TRY IT: Among the entries that follow, locate the line with "Near High Fens Nature Park Semesterbostad" and the line with "New 2025 Mitsubishi Outlander SE image 10". Output those lines and all lines in between, exactly, minus the pictures.

DATA:

━━━━━━━━━━━━━━━━━━━━━━━━━━━━━━

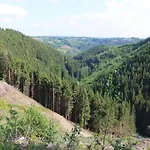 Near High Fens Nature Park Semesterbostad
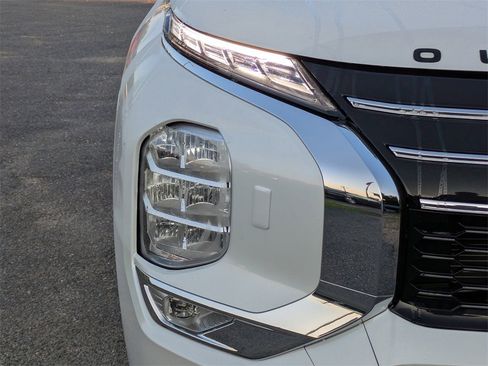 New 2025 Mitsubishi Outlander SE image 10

━━━━━━━━━━━━━━━━━━━━━━━━━━━━━━

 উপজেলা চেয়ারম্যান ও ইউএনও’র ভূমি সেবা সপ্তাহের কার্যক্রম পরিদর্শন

━━━━━━━━━━━━━━━━━━━━━━━━━━━━━━

ANSWER FOR THE TASK:
 Near High Fens Nature Park Semesterbostad
 New 2025 Mitsubishi Outlander SE image 10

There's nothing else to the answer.